Any others thoughts on this??


----------



## Bob (Dec 22, 2006)

Could this be considered an emergency lighting feed that can't be shut off? If the MCB is downstream, then the load side is still protecting the rack.


----------



## SjoramNFT (Dec 22, 2006)

This is the situation I'm describing - isolator is padlocked on. It feeds nothing but the two dimmer racks.


----------



## Mayhem (Dec 23, 2006)

We have a variety of switches here in Australia that can be padlocked in the ON position but not in the OFF position. Essentially, it is there to stop someone from cutting the power during your show. I know that it seems the wrong way around but having had somone turn off my lights during a gig because they thought it was the supply for something else, it does have its use.


----------



## Chris15 (Dec 23, 2006)

Basically all Clipsal Industrial switchgear down here is manufctured with the ability to lock in the off position. If you want to lock it on you drill a hole in it (and yes, that is what the manufacturer says).
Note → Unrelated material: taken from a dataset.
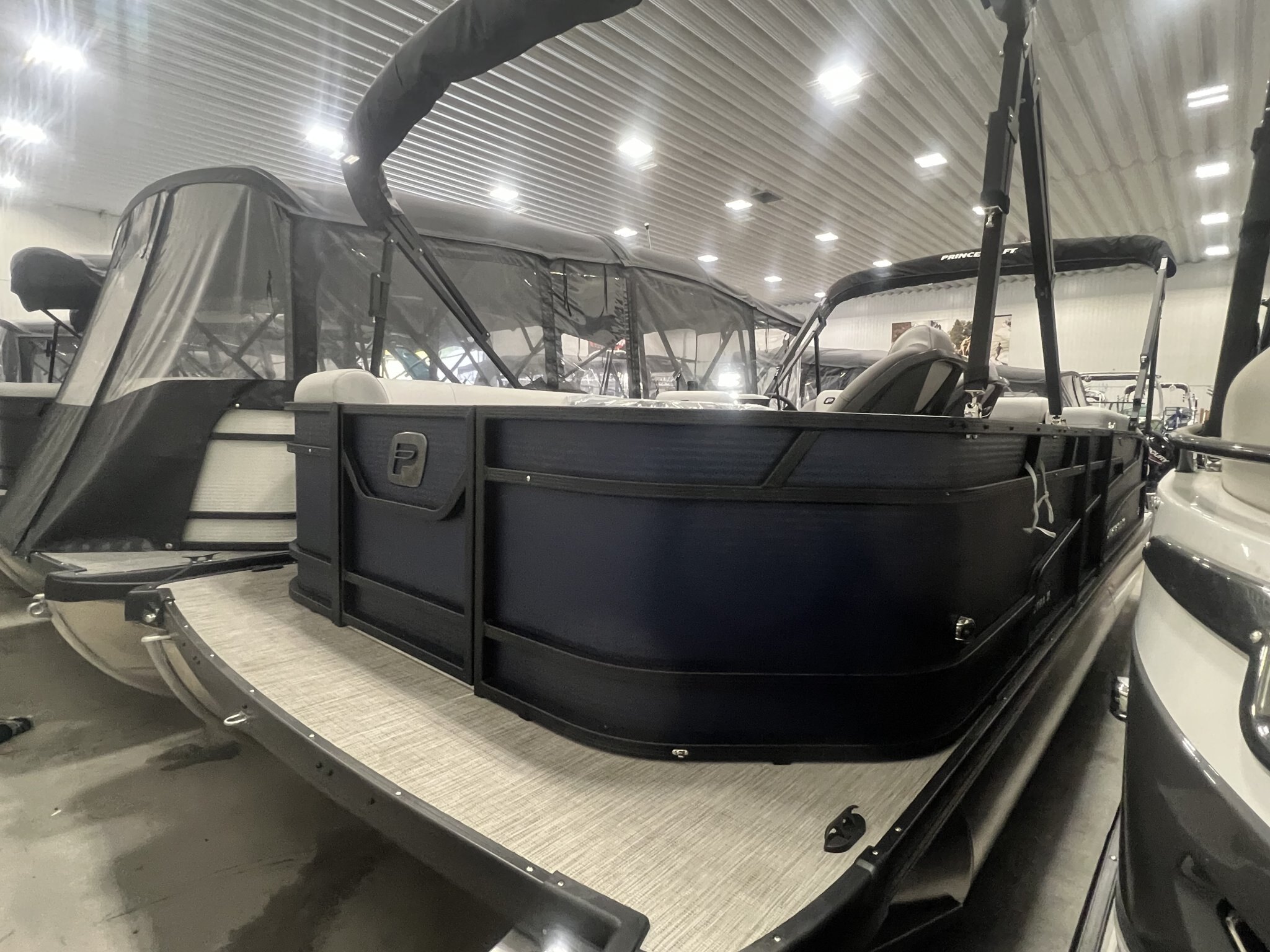 Ponton Princecraft Vectra 23RL SS 2027 Bleu Minuit, Édition Noir, Moteur Mercury 60hp, Toit Campeur, Table, Système de Sons, Sonar &+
Yes I can understand why you want to lock the supply on. It has a lot to do with stopping idiots from playing with things they shouldn't and turning it off. From a saftey perspective it may not make a whole lot of sense I realise (The desire to isolate the supply quickly if needed). I have seen switches that feed fire pumps etc. locked on. Side note: I believe that most circuit breakers are designed so that they will break the load even if the "handle" is held in the on position. This is so that you can put a lock dog on the breaker and lock it on. This is frequently specified for breakers which feed alarm and other security systems.
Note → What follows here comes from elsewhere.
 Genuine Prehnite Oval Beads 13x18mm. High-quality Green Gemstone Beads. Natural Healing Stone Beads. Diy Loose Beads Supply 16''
It is interesting to read the bit about the "complete isolation" rather than just cutting the live wires. This puzzles me. Firstly, there is no point in cutting the neutral assuming that the wiring is properly done as it will be at ground potential and somewhere will in fact be linked to the Earth wire. So it ain't goign to zap you.
Secondly, I doubt that the isolator actually cuts the neutral. All the switchgear I have seen down here only cuts the active and does not touch the neutral...

Let me take an example for a second. Think about a school generally. At least in my school, all the distribution boards are located in locked electical cupboards, with only a handful of people having keys. How is this any different to the locked isolator? Both prevent people from turning off the supply... In fact it surprises me that if the isolator is locked on that the circuit breakers are not behind a locked door. Consider this, what is the primary purpose of an isolator? I thought that it was to isolate power for maintainence etc as part of a lockout tagout sort of system. If it were for an emergency stop type setup then I would be expecting a large red mushroom head push button in a prominent location...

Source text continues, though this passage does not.